All About Pot Odds


It is important to understand pot odds and to be able to calculate them in order to be able to decide whether or not to call. Instead of playing blind, if you understand pot odds you can work out the best decision to make for any betting round. When you call a bet, you aim is to win the money that is in the pot. You do not have to be profitable every time, but you need to understand your odds so that you are profitable enough times to at least break even, or preferably come out ahead.

Some Examples of Pot Odds

If you are playing Texas hold’em and hold four to a nut flush on the turn, there will be 46 unknown cards in the game – 52 cards minus your two hole card and the 4 community cards. Out of the 46 unknown cards, only 9 are the same suit as your flush draw, meaning that nine cards could help you achieve the nut flush hand, while 37 cards cannot help you.

This translates to odds of 37/9 or in other words, 4.1 to 1 odds against you making your draw.

It is now important to understand what to do with the odds you have calculated. In this scenario, you should only call a bet if there is already 4 times that amount in the pot.
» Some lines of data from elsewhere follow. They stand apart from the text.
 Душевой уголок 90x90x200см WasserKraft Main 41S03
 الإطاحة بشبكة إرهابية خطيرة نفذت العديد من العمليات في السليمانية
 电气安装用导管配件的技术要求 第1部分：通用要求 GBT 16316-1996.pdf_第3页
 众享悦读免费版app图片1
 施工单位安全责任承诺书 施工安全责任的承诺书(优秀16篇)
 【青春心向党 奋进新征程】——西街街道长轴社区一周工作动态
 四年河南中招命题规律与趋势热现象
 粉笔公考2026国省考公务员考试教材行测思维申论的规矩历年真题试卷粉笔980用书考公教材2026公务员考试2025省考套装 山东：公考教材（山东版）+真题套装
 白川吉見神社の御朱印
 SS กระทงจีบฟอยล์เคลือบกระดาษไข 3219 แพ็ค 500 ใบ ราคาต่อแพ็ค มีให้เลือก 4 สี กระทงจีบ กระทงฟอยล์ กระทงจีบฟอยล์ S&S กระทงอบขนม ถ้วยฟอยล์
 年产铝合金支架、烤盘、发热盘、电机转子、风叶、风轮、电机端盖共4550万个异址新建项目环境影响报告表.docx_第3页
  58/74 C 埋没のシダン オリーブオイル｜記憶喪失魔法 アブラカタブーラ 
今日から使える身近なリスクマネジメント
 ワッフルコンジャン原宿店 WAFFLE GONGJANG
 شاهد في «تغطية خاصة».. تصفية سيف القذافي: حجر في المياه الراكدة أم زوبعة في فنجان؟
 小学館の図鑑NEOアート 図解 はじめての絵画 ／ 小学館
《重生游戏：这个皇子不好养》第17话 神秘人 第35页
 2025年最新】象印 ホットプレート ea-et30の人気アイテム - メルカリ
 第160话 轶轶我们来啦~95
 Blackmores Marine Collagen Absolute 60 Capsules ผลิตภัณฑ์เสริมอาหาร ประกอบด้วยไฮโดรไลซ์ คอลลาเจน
If you are playing a $5/$10 limit poker game, you would want to see at least $40 in the pot already for you to call a $10 bet on the river.

Let’s look at another example and look at the inside straight draws. It is the turn and you have 4 outs and 46 unknown cards on the draw. In other words, there are 4 cards that could make you a winner and 46 cards that will not help you.

The odds in these situations are 42/4 = 10.5. This means that in order to justify a call you would need 10 times the amount of the call to be in the pot already. It is unlikely that this call would pay off in the long run, although it could happen.

Understanding the Odds

Many players are scared off by the mathematics involved in calculating odds. In truth, once you understand it, it is not so difficult. The reality is that calculating the odds of a call or bet is what differentiates the top players from the weak players. You need to be able to differentiate a profitable bet from a non-profitable bet in order to ensure that you come out ahead in the long run. If a bet is not profitable, do not make it. You will become a better player from understanding odds.